High Density Happiness: Urban Placemaking
Residential developments must address and contribute to the public realm, however it is important that we mediate levels of privacy, designing housing as a private retreat from the city, to allow people to engage and dis-engage with public life.
Promoting a diversity of housing types allows for a greater assortment of people to enjoy a building and neighbourhood.
Developers, planners and architects need to ask: Would I be prepared to live in this development? Would I let my family member live here?
Considerations need to be broader than size and focus on the bigger picture feelings of quality and design. We need to raise living standards as many resident concerns are not size, but quality related.
The more a development gives back to the community, the more it gets back. Developments can exhibit generosity through small moves.
Apartments should be an oasis - welcoming their inhabitants and making them feel glad to be home
Discussions about apartment building design should be less focused on height and more about street level interaction. The street facade and treatment of streetscape is often an afterthought, left to the last minute. But how the ground floor activity and design fits with what building residents and the local community want or need is incredibly important.
Developments should respond and contribute to local context. You can't just plonk a design anywhere. It is vital that the needs of the current and future demographic is considered.
A new development model
We need to change the approach to development which covers the site and maximises yield.

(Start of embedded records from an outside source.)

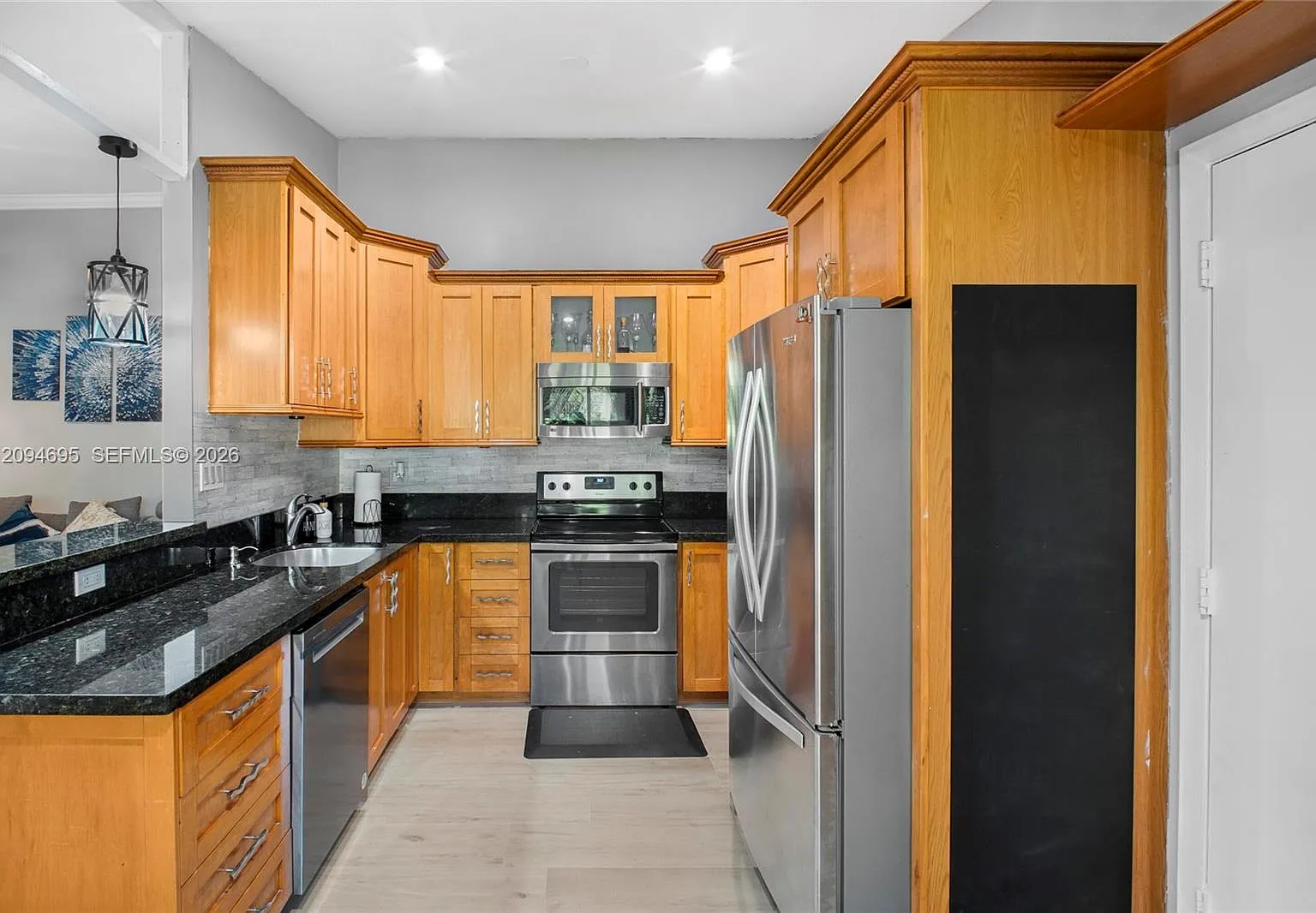 Boca Country Estates Cond — Photo 4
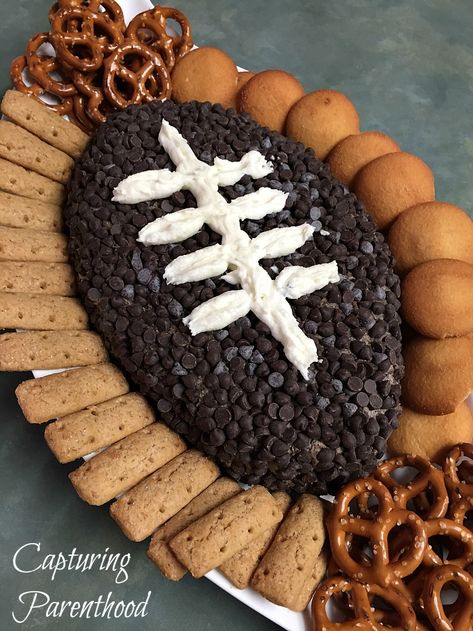 Super Bowl Food Appetizers, Football Cheese Ball, Appetizers Football, Bowl Desserts, Football Desserts, Party Food Easy Appetizers, Football Treats, Superbowl Desserts, Football Party Foods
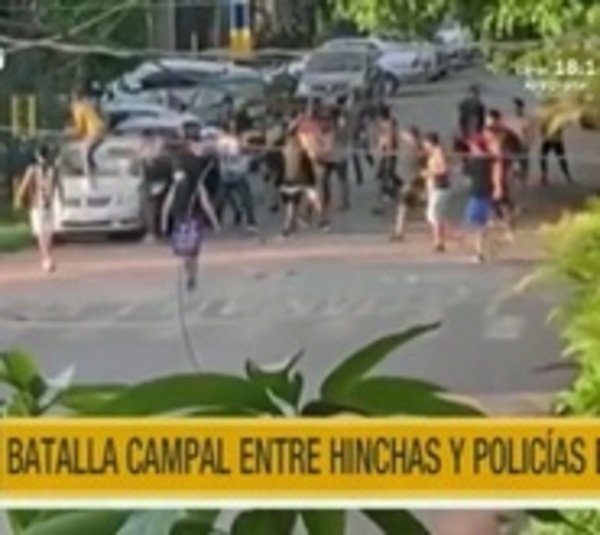 Nuevo enfrentamiento entre hinchas y policías en Luque - Paraguay.com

There are some great examples of models that give back to the community, such as the Commons.
The majority of multi-storey developments in Victoria are not designed by architects. We have witnessed non-designers having the power over design elements which they are not trained or equipped to deal with. Such an approach has been more concerned with market issues rather than the longevity of living spaces.
We need to better consider the implications of gentrification and displacement. Sometimes the diverse, artistic community which has made an area appealing is pushed out when they become 'trendy'.

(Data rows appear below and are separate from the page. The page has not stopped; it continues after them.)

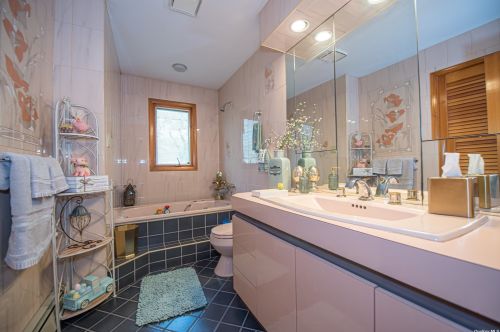 15 Ramita Ln, Commack NY  11725-1917 exterior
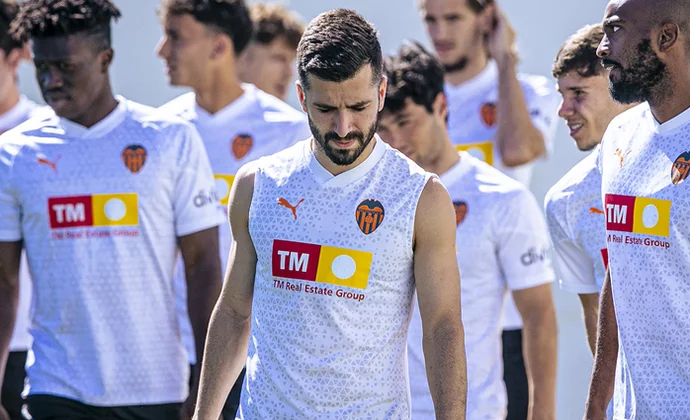 Gayà sigue trabajando al margen tras hacer solo el calentamiento con el grupo. Vuelve Foulquier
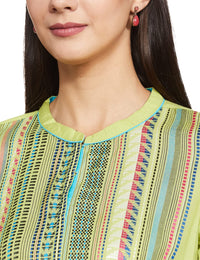 Aurelia Women's  Rayon Straight Kurta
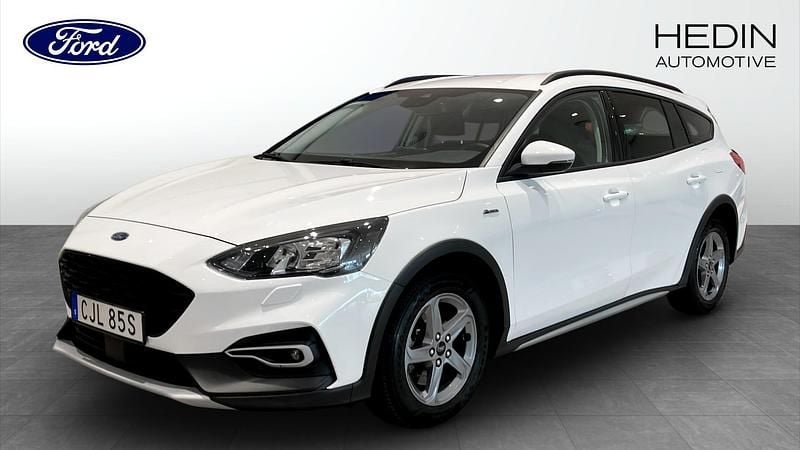 Frozen white Begagnad 2022 Ford Focus Active Kombi | 219 900 kr (Marknadspris) - Bild 1/4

We need to consider the finished construction as the start of the development process, not the end, as this is where we see its actual contribution to the residents, street, neighbourhood and city.
We have opportunities to incentivise new approaches to development, such as collective and affordable housing.
Car parking policy needs to be revitalised to reflect changing needs and attitudes. Reduced car parking is cost-effective to developers, reduces housing cost and contributes greater housing choice in market. There is opportunity for better bike storage and maintenance facilities in apartments.
It is important to shift the role of government from an 'umpire' to leading good development outcomes. To aid this political donations from developers should be banned so that the State Government isn't subject to difficult pressures. To protect our assets (public transportation, public spaces, etc), we need good legislation and policy. Independent design review processes is beneficial as no sites are the same. Architects, landscape architects and designers should involved in large scale development and public participation must be encouraged to allow for community discussion and debate.